Purely as a matter of courtesy and rapport-building, the lawyers should work to end each conversation with an individual juror in such a way that neither the juror nor his fellow jurors feel that you have any disrespect for the juror’s views, or for the juror as a person, as a result of his or her candor. You can thank the juror for being frank, make sure that you have come to “closure” with the juror, and move on, without necessarily validating the juror’s views.

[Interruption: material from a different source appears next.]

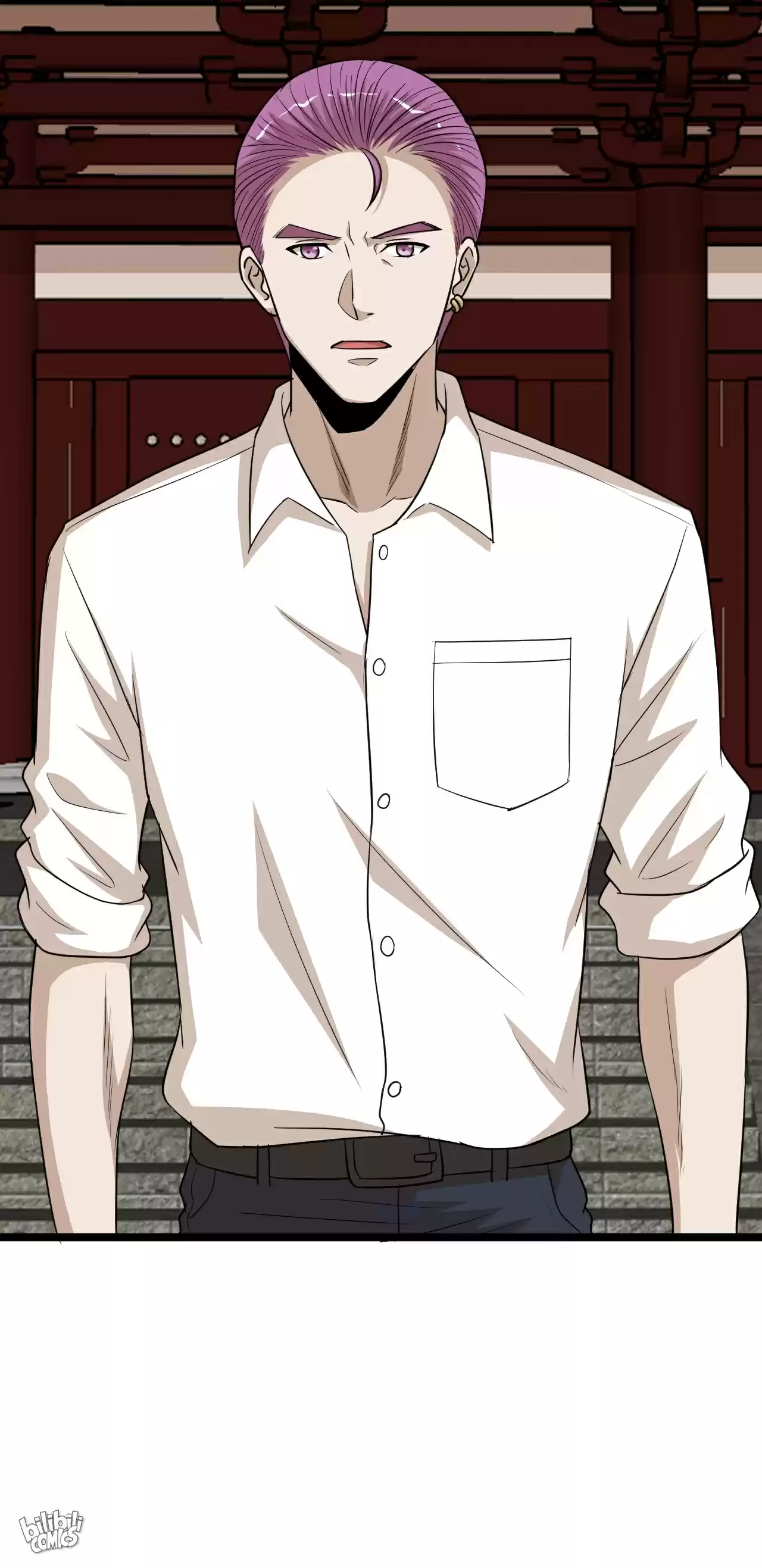 The Gangster Boss Is 16 Again Chapter 156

Any fool can exercise a peremptory challenge, but the real art in jury selection is persuading the judge to excuse “for cause” a juror whom you feel ought to be disqualified from hearing your case. I try to have the juror agree that it would be difficult for them to consider a case such as the one which has been described to them, or commit to an agreement that they would not want a juror with their notions or preconceived ideas considering this case if they were in the shoes of my client. I typically turn to the judge and “ask that Ms. Doe be excused for cause, given her concerns about her ability to be fair to my client.” I shudder whenever I hear a lawyer turn to the judge and ask “that juror number 5 be stricken for cause,” as it gives all of the jurors the impression that the bailiff might just unholster his pistol and take care of the matter on the spot. Even assuming the challenge for cause is sustained, that attorney has likely made it difficult to obtain candid responses from the “surviving” jurors.
These precepts are not easy to master, but lawyers who have these techniques firmly in hand can be confident that they are taking fullest advantage of their one chance to make a good first impression upon the jurors who will decide their cases.